Haha dont get me started, i sent my old car from CY to the UK and it vanished apparently. So yeah i know what you mean, i had to learn the hard way, its why i just figured id get something thats fast enough for now, and yeah if there ever needs to be any work done, ill hire a pro i trust! 

Well we are gonna try to run CY plates on my car, its nice that the Duty just went down!! was very happy to see that!! 

Well, will have to get in touch some time this coming summer/spring. 

Whats your car running as of now anyway ? im guessing you grab allot of attention around town driving that big red beast!!


----------



## GTuned (Mar 21, 2002)

At 0.9, it must be about 400-500. Quite quick, has a scary way of leading you to redline in 6th gear.. 

Cops have pulled me over before just because it was red and shiny..
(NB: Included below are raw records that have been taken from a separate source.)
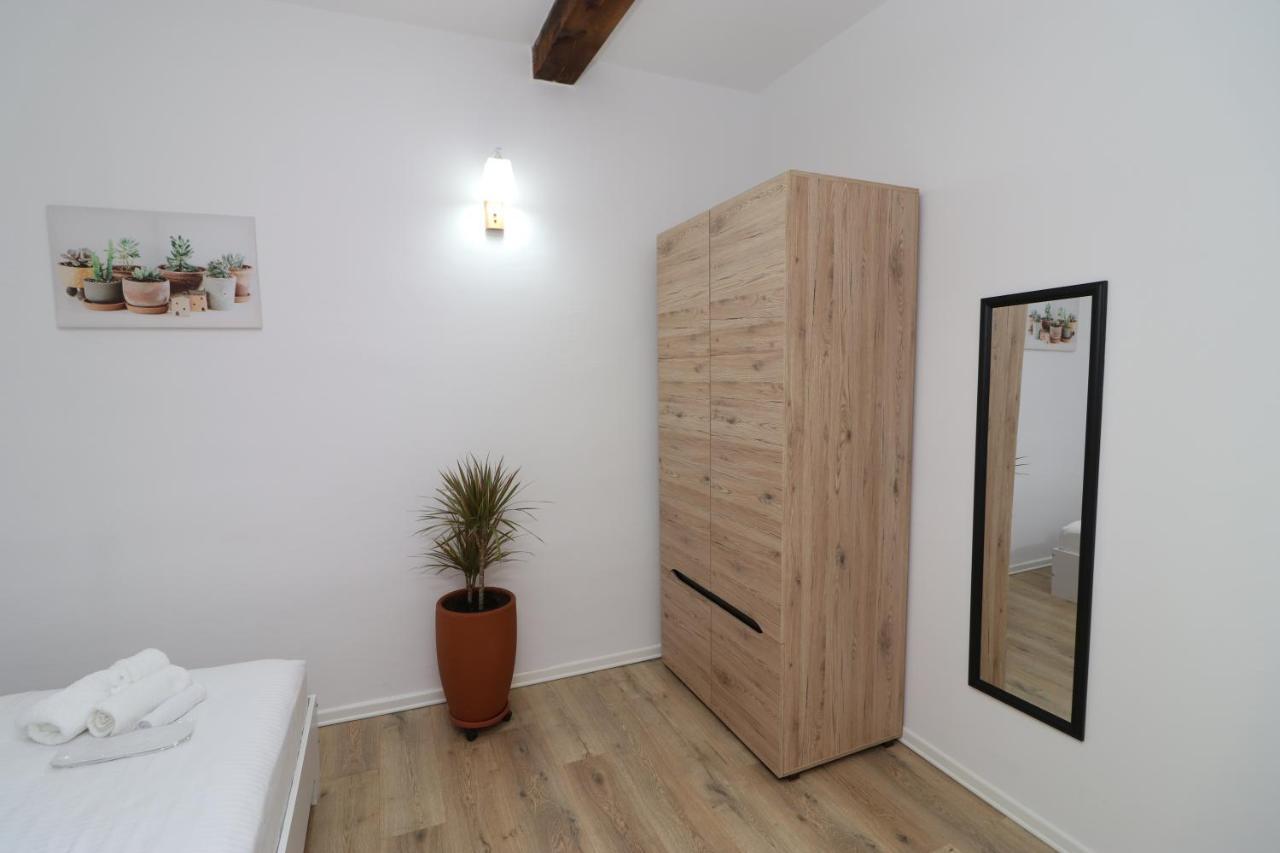 Gaia Bed and Breakfast Vlorë Eksteriør billede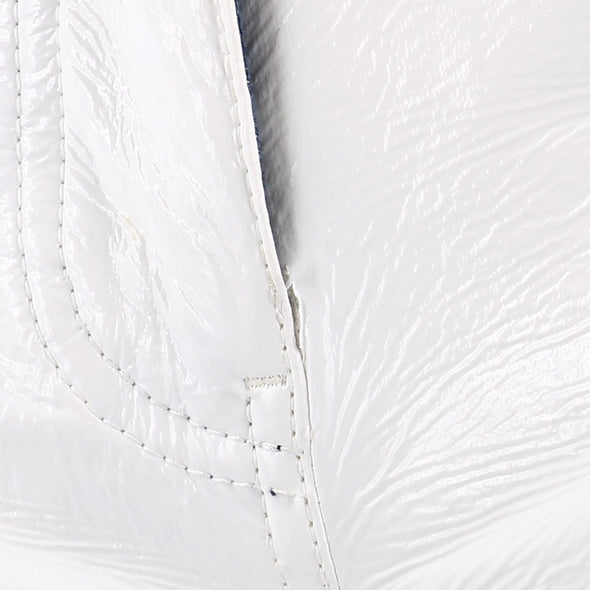 Jean en vinyle à empiècement denim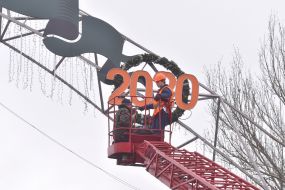 Встановлення новорічної ялинки в Запоріжжі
Am happy that you guys will be bringing some more beasts over. Should be fun!


----------



## M19 GTR (May 26, 2002)

So will i when it gets out there finaly get sorted out .

But my other reason is im using it for my sisters wedding car .

Tony


----------



## Rain (Apr 8, 2006)

Yeah should be damn nice!! 

can't wait we should head down to the town square in Nicosia and grab some pics i remember the lighting at night there is pretty nice. take some treks up the windy troodos roads would be cool too!!


----------